◆ Assignment ◆
Transcribe all the lines below exactly. Omit the pictures.

◆ Source material ◆
--------------------
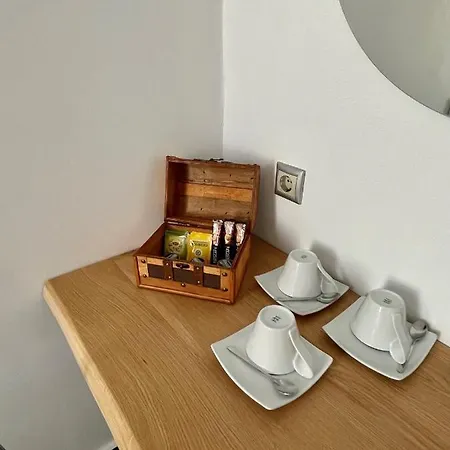 Augustos Hotel
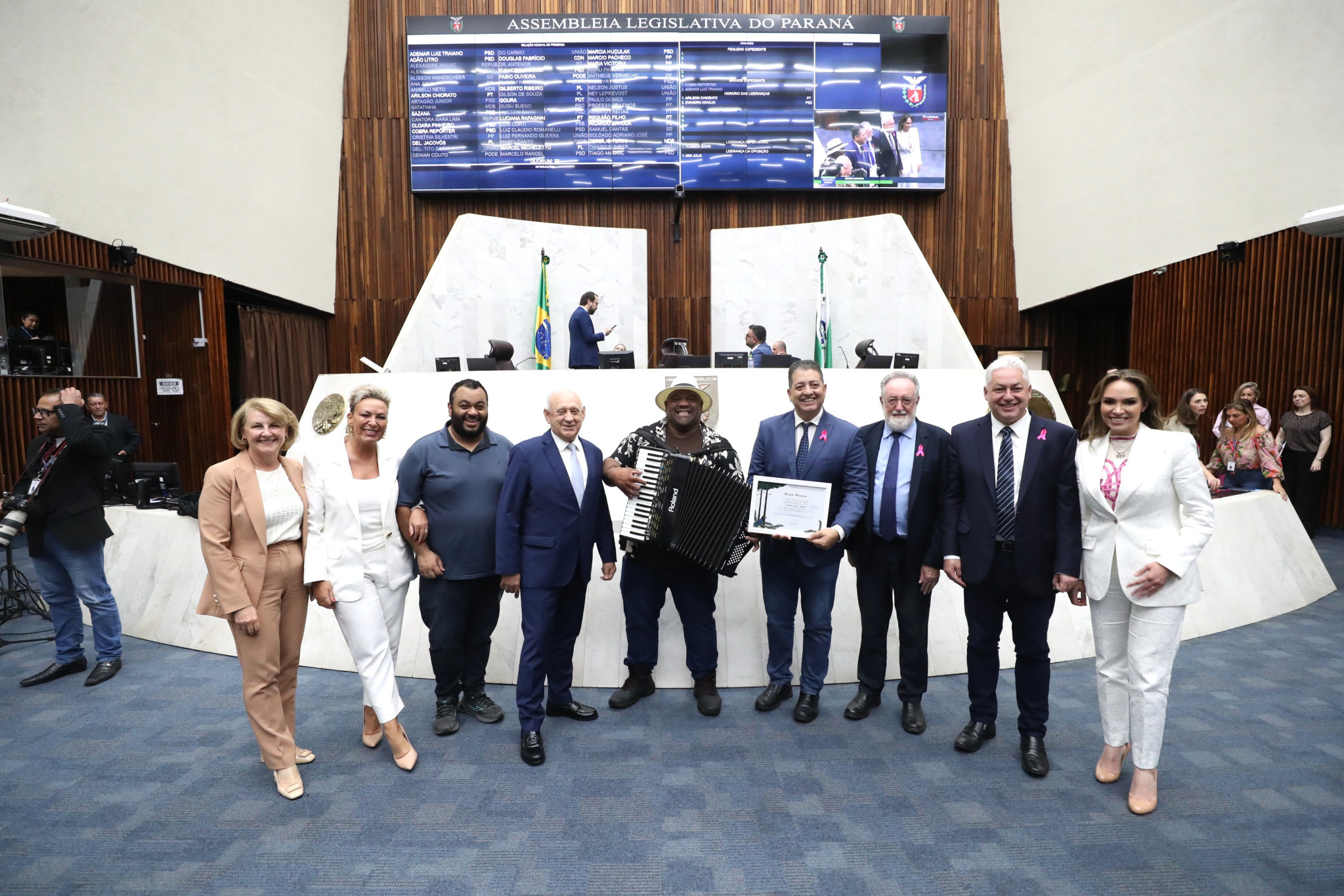 Deputado entrega Menção Honrosa ao conjunto Fabiano Santos e Banda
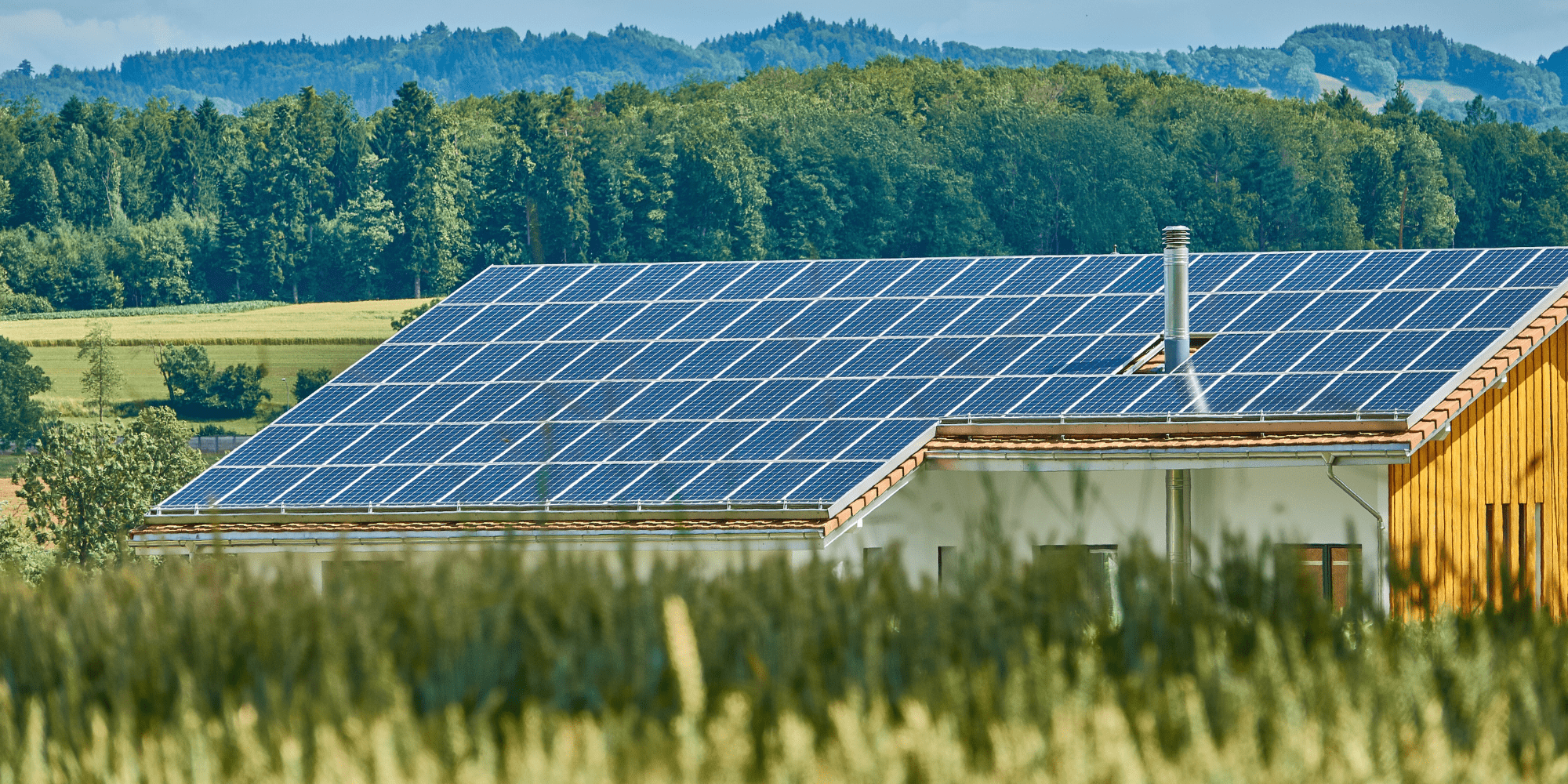 découvrez les nombreux avantages de l'autoconsommation solaire : réduction des factures d'énergie, autonomie énergétique, impact environnemental positif et valorisation de votre patrimoine. optez pour une énergie durable et maîtrisez votre consommation d'électricité grâce à des solutions solaires adaptées à vos besoins.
--------------------
◆ Reply to the task ◆
 Augustos Hotel
 Deputado entrega Menção Honrosa ao conjunto Fabiano Santos e Banda
 découvrez les nombreux avantages de l'autoconsommation solaire : réduction des factures d'énergie, autonomie énergétique, impact environnemental positif et valorisation de votre patrimoine. optez pour une énergie durable et maîtrisez votre consommation d'électricité grâce à des solutions solaires adaptées à vos besoins.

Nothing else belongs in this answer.